== ASSIGNMENT ==
Give back exactly the lines of the entries below from the line with "Charlton-on-Otmoor House |" to the line with "4 otaqlı həyət", inclusive, and only those.

== MATERIAL TO PROCESS ==
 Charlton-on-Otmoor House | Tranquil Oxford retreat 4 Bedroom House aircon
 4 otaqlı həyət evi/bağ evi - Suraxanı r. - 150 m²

==

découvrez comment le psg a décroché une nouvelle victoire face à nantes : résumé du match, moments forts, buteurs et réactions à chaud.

== WRITTEN SOLUTION ==
 Charlton-on-Otmoor House | Tranquil Oxford retreat 4 Bedroom House aircon
 4 otaqlı həyət evi/bağ evi - Suraxanı r. - 150 m²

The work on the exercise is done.